Several former colleagues and multi-year investors who know Kirkhorn said he is deeply committed to Tesla’s clean energy mission. They describe him as being very close to Tesla’s products, mindful of engineering and manufacturing as well as finance. On earnings calls, he talks in great detail about Tesla’s other revenue streams, from the sale of regulatory credits to what the company terms “Full Self Driving” software and future insurance products.
“The auto business is capital intensive and under Zach, Tesla has been more capital efficient,” said Dick Amacher, a former engineer and product planner at General Motors who says he owns two Tesla models and stock in the company. “A finance leader is supposed to provide guidance for future strategy, and the results speak for themselves.”
The first half of 2019 was marred by Musk’s sudden decision to close stores — a move he walked back days later — but one that shook Tesla’s sales staff and puzzled shareholders.

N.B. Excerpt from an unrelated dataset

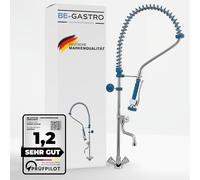 BE-GASTRO | Rubinetto professionale set di prelavaggio stoviglie per cucine di ristoranti Gruppo doccia con miscelatore monoforo, con manopole multigiro e Rubinetteria di servizio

A bullish Wall Street broker rued the carmaker’s sliding stock price as “humbling” in June of that year, and two others warned about a deteriorating sales outlook. That unease was further stoked when veteran Chief Technology Officer J.B. Straubel unexpectedly departed in July.
“When Zach came on, he had the world’s worst job,” said Munster. “He had to deal with Elon and save a really complicated company.”
By the third quarter of 2019, Tesla was showing progress toward improving its balance sheet. In a key turning point, the automaker reported the first profit in almost a year, beating analysts’ expectations for a loss, and stunned close observers with news the Model Y crossover would launch months earlier than expected — a big deal for a company known for blowing deadlines.
“We are quickly turning the corner for our next phase of growth, and our financial health continues to strengthen,” Kirkhorn told analysts on an October 2019 earnings call. “We remain focused on reducing cost, which enables rapid investments in future programs and growth.”
Tesla’s $3.7 billion in cash on hand at the end of 2018 ballooned to $14.5 billion at the end of the third quarter of 2020, the most recent figure available. Musk recently called that a “war chest.” Tesla will be spending some of that money on global expansion, with new auto and battery plants under construction in Austin, Texas, and Berlin.
Kirkhorn has a Twitter account, but his tweets are protected. When Tesla reported its delivery totals earlier this month, he shared the release on LinkedIn.
“Half a million cars in 2020! Congratulations to the Tesla team, our new customers and those who support our journey,” he wrote in the post. “Looking forward to another exciting year.”